Now was not the time for a run. He had to get her away from here, away from the guy in the parking lot, to some place safer. “Would you like me to call Sophie?”

“No! No, don’t call Sophie! She’s always so worried, worried I’m going to go off the deep end or do something stupid. Something...crazy.” She whispered the last word, standing still with a tank top dangling from one hand.

“You’re not crazy.” He kept his voice calm in the face of the agitation rolling off her in waves. After he’d met her, after he carried her in his arms out of the collapsed mine on Richard Prentice’s estate, he’d gone online and done some reading on bipolar disorder. He’d learned that stress and even variations in routine could trigger a manic episode. Lauren’s life had been nothing but stress these past months, and she had no more routine—no job or real home or any certainty about the future.

“Maybe...maybe I should call my doctor.” She looked at the clothes piled on the bed and the open suitcase. “I took my medication,” she said softly. “I always do, even though, sometimes, I don’t like the way it makes me feel.”

“Maybe the medication just needs...adjusting.”

She nodded. “Right. I...I’ll call him.”

He waited in the bedroom while she went into the living room. He wondered if he should remove the clothes from the bed—pack for her. But no. That was too personal.

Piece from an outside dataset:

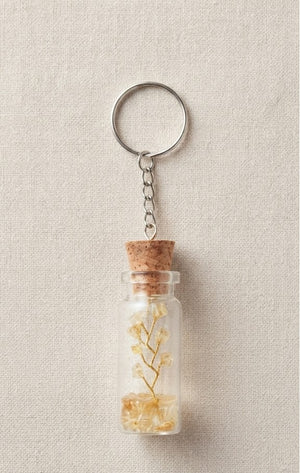 Glossy Crystal Bottle Tree Keychain with Natural Crystal Chips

Too patronizing, even.

He backed out of the room and rejoined her as she was hanging up the phone. “I talked to the nurse,” she said. “She suggested I take more of one of my pills, and she’s calling in another prescription I can take if I need to.”

He nodded. “Do you need anything from me? Help with packing? Something to eat?”

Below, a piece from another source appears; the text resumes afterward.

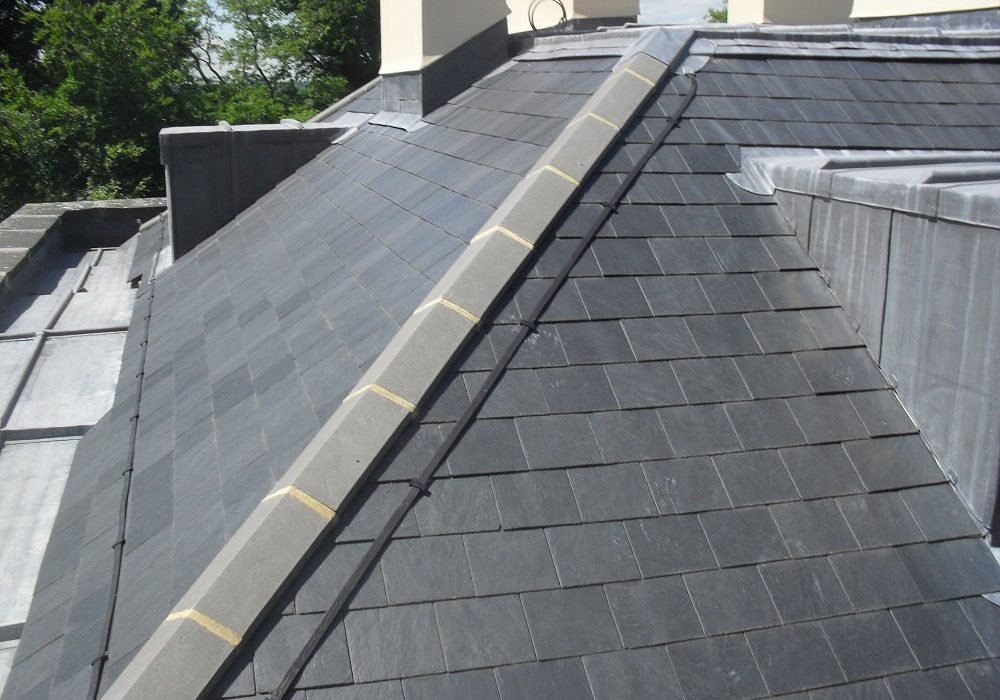 Gutter guard installed on residential gutter system.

“No, I’m good. I’ll just, uh, finish up back here.”

“I’ll keep an eye on our friend.”

“Friend?”

He nodded toward the parking lot. “The bird-watcher.”

She laughed again, and the sound continued all the way down the hall. The sound worried him a little, but it also made him angry. Why did such a beautiful, vibrant woman have to be plagued with emotions that veered so easily out of control? Why was she at the mercy of a disease she hadn’t asked for and didn’t want? He’d spent his life fighting off physical enemies, first in a street gang, then the military, now as a law enforcement officer. But what could he do to help her?